# Exercise:
Copy out each line from the start of the material below until the line with "1093 Hickory View", that line included.

# Records for the task:

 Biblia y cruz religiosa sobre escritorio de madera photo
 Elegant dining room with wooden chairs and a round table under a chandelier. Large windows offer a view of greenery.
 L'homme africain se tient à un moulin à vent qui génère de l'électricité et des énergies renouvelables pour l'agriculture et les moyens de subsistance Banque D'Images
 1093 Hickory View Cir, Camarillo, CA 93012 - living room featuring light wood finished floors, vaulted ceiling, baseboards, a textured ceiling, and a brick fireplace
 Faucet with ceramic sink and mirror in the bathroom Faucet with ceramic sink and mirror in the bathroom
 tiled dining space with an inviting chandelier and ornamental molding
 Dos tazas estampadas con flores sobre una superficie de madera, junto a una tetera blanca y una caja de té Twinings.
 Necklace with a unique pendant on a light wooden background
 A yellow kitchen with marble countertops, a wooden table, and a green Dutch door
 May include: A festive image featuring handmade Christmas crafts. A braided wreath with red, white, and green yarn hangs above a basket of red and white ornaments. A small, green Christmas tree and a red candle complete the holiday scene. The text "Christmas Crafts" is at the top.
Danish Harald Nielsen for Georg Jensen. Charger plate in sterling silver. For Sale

# Exercise answer:
 Biblia y cruz religiosa sobre escritorio de madera photo
 Elegant dining room with wooden chairs and a round table under a chandelier. Large windows offer a view of greenery.
 L'homme africain se tient à un moulin à vent qui génère de l'électricité et des énergies renouvelables pour l'agriculture et les moyens de subsistance Banque D'Images
 1093 Hickory View Cir, Camarillo, CA 93012 - living room featuring light wood finished floors, vaulted ceiling, baseboards, a textured ceiling, and a brick fireplace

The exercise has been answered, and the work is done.